L’ayllo de son enfance avait été déserté depuis longtemps, Elizardo restait seul avec son âne et les caranchos qui voulaient sa peau. À cinq mille mètres, un défi à la pesanteur. Heureusement l’Étranger était venu un jour. L’Atacamène avait oublié lequel mais, grâce à lui et ses promesses de dollars, sa vie de montagnard malade et isolé avait changé. Simple gage en attendant les papiers de la vente, l’Étranger lui avait offert une carabine flambant neuve et des boîtes de munitions pour éloigner ces maudits oiseaux. Une aubaine par les temps qui couraient. Depuis, Elizardo les guettait tous les jours, tapi à l’ombre de l’enclos où frissonnait son âne, l’œil acéré vers le ciel, prêt à faire feu… Non, il ne se contenterait pas d’éloigner les caranchos : Elizardo les tuerait. Il les tirerait tous, comme des putains de pigeons.
9
Le soleil flambait sur les montagnes, dégradé rose orangé dans l’air du crépuscule. Le rancho bordait la Vallée de la Lune, à une poignée de kilomètres de San Pedro, et Busquet n’avait jamais vu un spectacle pareil — toute cette caillasse…
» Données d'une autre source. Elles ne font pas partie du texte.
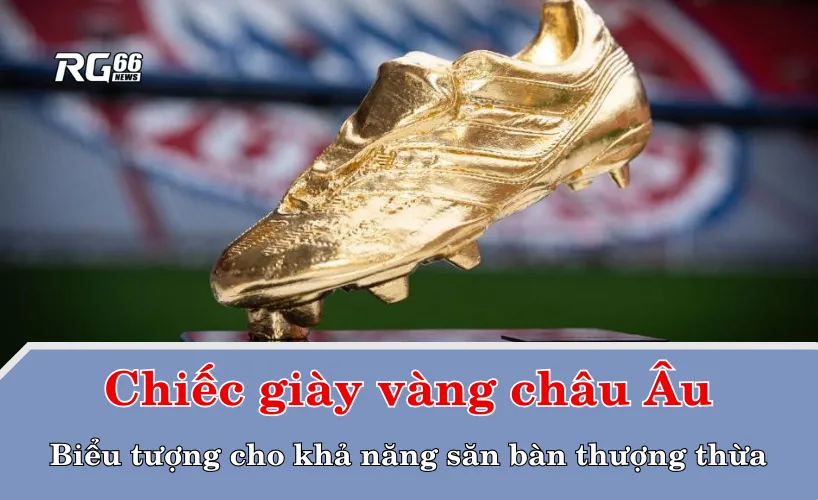 Chiếc giày vàng châu Âu là gì?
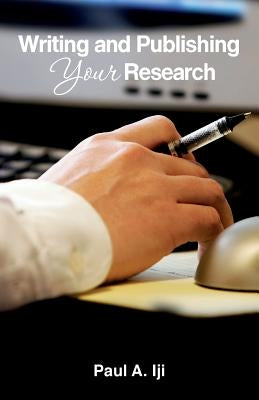 Writing and publishing your research by Iji, Paul a.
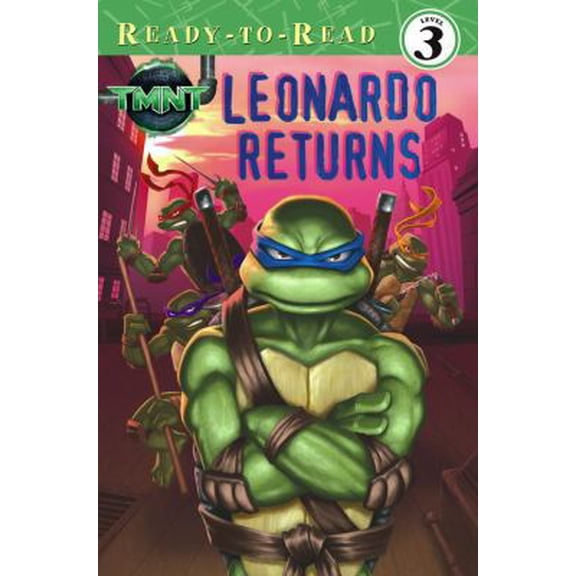 Pre-Owned Leonardo Returns (Teenage Mutant Ninja Turtles Ready-to-Read: Level 2) (Paperback) 1416940561 9781416940562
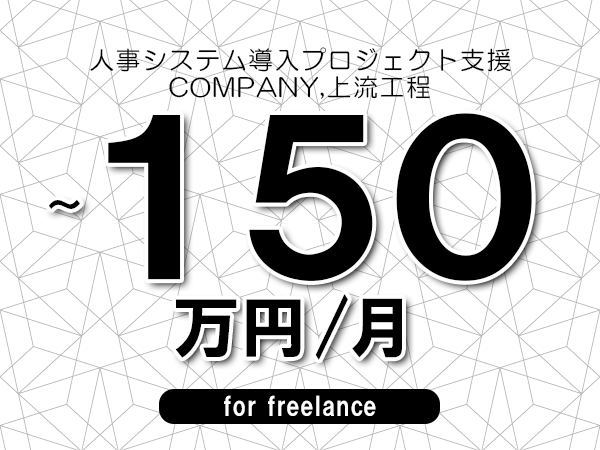 【100～150万円／フリーランス】＜COMPANY,上流工程/人事システム導入プロジェクト支援＞◆完全週休2日制　◆年間休日120日以上　◆出張費用別途支給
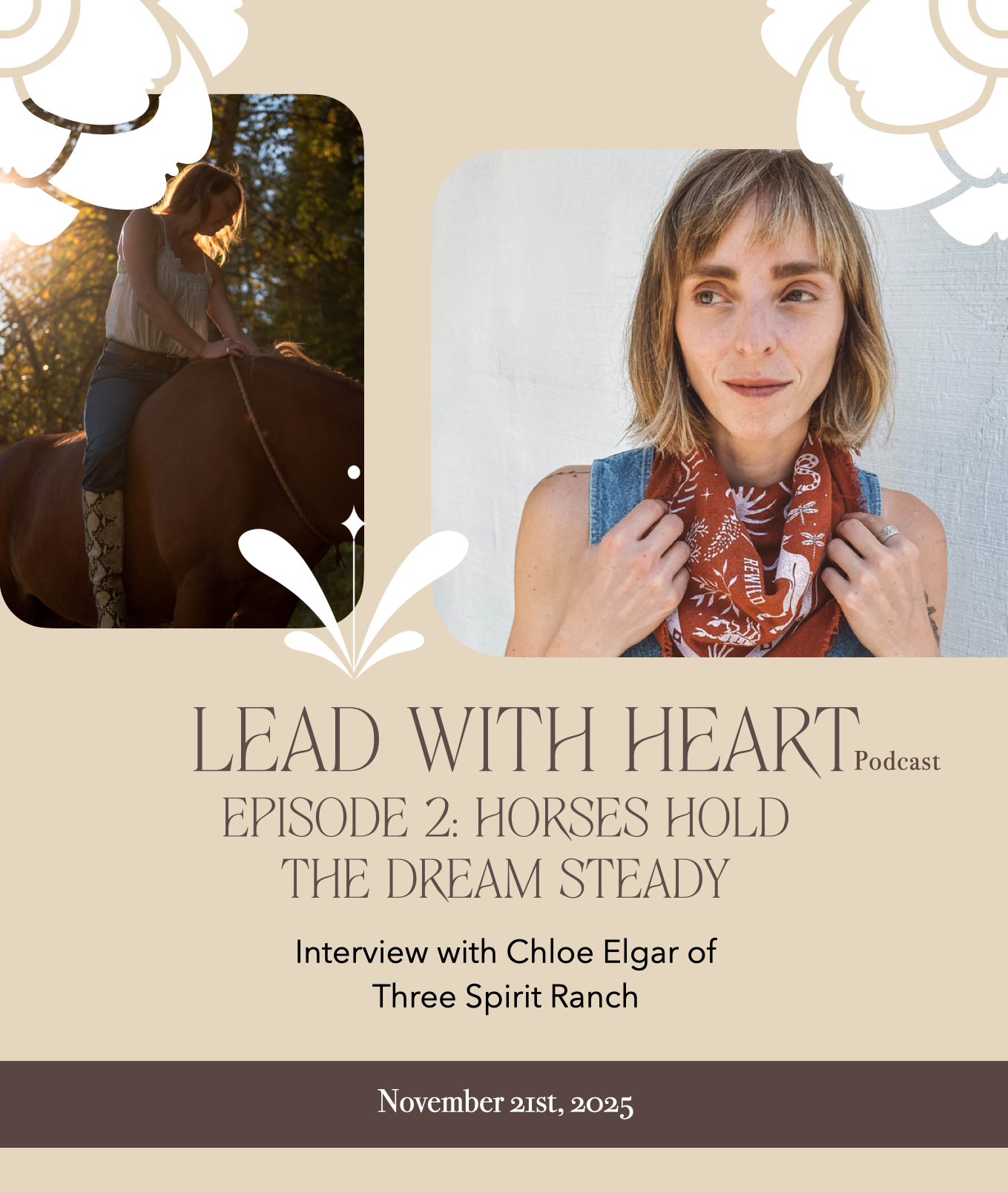 Lead with Heart Episode 2 Horses Hold the Dream Steady.png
Busquet avait grandi à La Serena, mille kilomètres plus bas dans le désert du Nord, une ville jetée dans la poussière où passaient les semi-remorques en déféquant leur gasoil. Busquet avait commencé sa carrière comme leader du Mafia Tuning Club, une boîte de nuit ambulante avec sono dans le coffre ouvert de sa voiture customisée : il partait avec les copains le week-end déambuler dans le centre en quête de chair fraîche et quelques castagnes, pour se faire la main. Le jeune homme avait été vite repéré par les flics locaux, qui lui avaient conseillé de déguerpir du secteur s’il ne voulait pas s’attirer des ennuis, ou de se faire embaucher dans une agence de gros bras — gardien de nuit, videur, agent de sécurité. Busquet avait fait les deux : quitter La Serena pour Valparaiso, où il avait été intégré dans l’équipe de Porfillo au port. Cinq ans plus tard, il se retrouvait chauffeur et garde du corps de Gustavo Schober, un des gros industriels de la région. Un bon job, qui lui faisait voir du pays. La preuve : il n’avait jamais vu la Vallée de la Lune quand le soleil se couche sur l’océan minéral. Ça le changeait des posters de bonnes femmes à poil.